◆ **Dataset excerpts**:
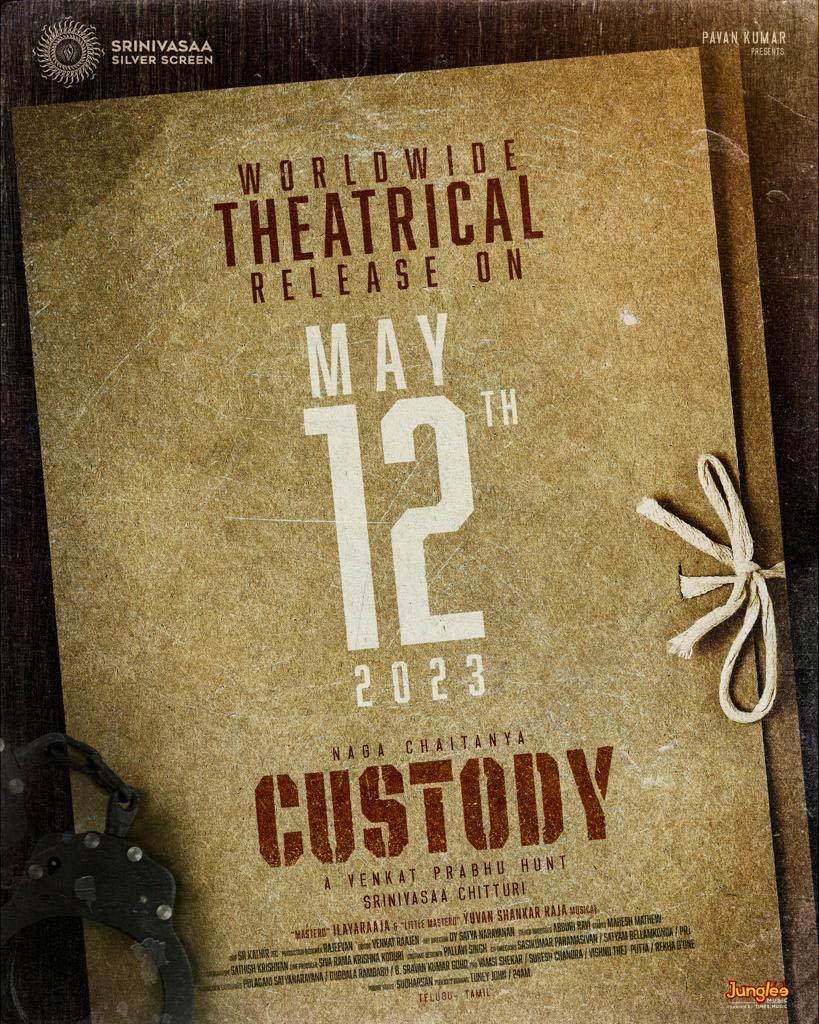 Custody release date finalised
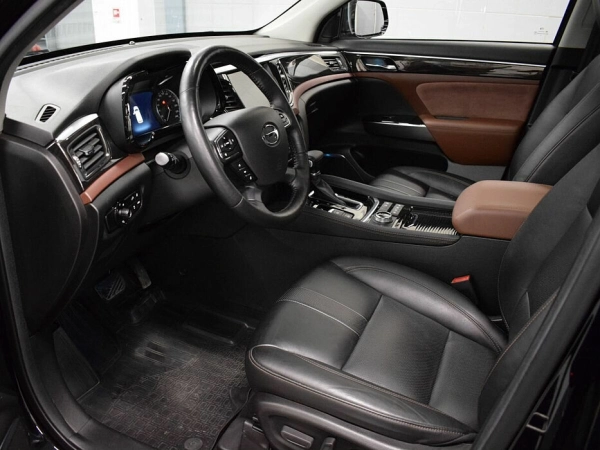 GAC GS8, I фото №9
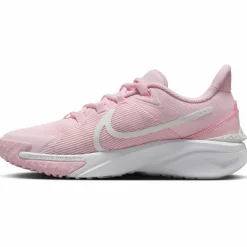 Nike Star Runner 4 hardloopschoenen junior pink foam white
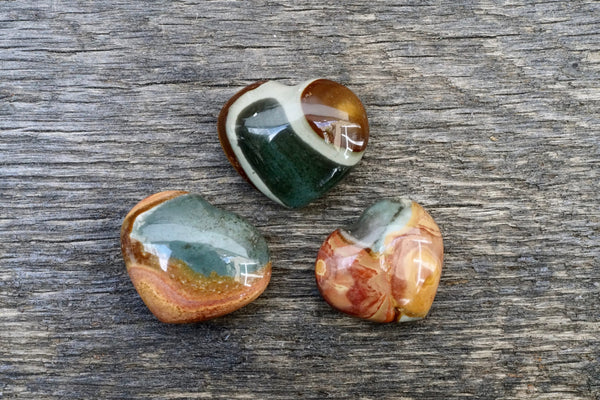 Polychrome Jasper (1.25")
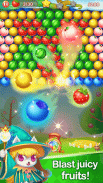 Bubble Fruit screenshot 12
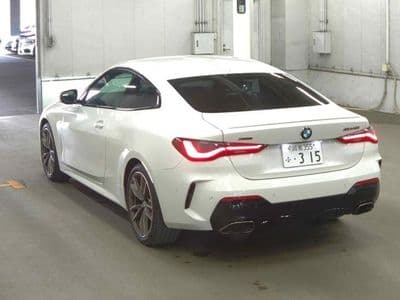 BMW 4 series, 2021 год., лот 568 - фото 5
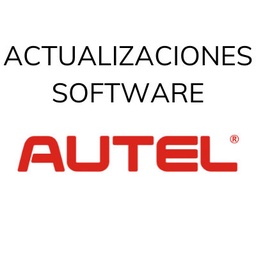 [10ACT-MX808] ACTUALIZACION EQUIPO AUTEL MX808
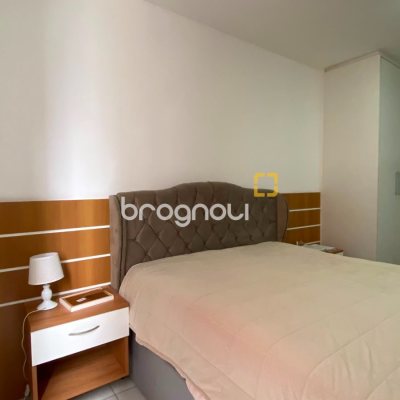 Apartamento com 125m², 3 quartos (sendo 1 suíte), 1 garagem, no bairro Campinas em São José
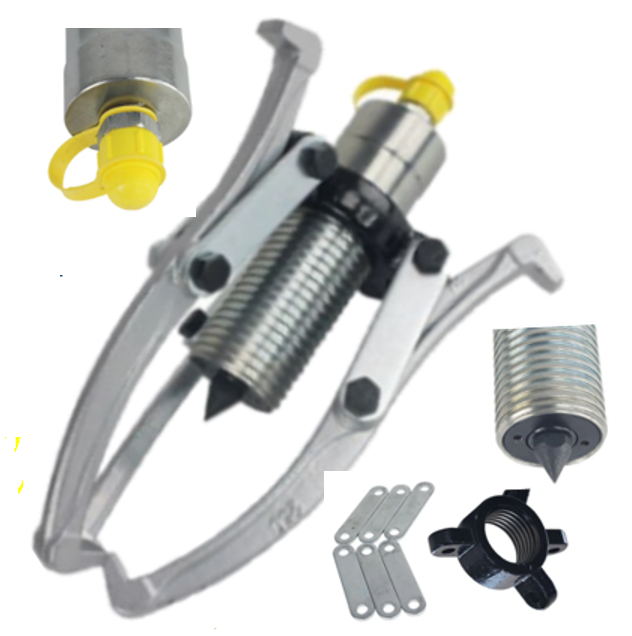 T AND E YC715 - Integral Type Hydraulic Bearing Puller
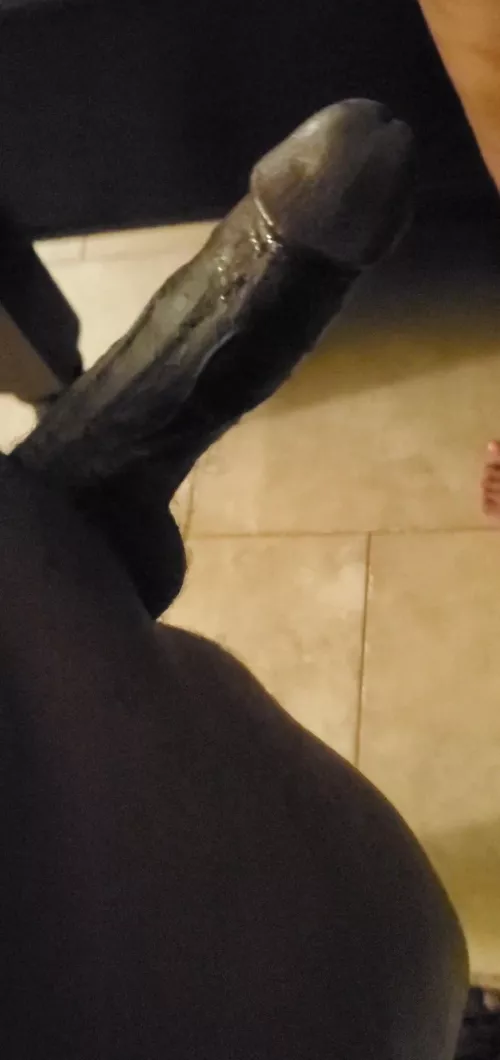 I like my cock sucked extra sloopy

◆ **WHAT YOU ARE ASKED TO DO**:
Give all entries again verbatim, without any images.

◆ **RESPONSE TO THE EXERCISE**:
 Custody release date finalised
 GAC GS8, I фото №9
 Nike Star Runner 4 hardloopschoenen junior pink foam white
 Polychrome Jasper (1.25")
 Bubble Fruit screenshot 12
 BMW 4 series, 2021 год., лот 568 - фото 5
 [10ACT-MX808] ACTUALIZACION EQUIPO AUTEL MX808
 Apartamento com 125m², 3 quartos (sendo 1 suíte), 1 garagem, no bairro Campinas em São José
 T AND E YC715 - Integral Type Hydraulic Bearing Puller
 I like my cock sucked extra sloopy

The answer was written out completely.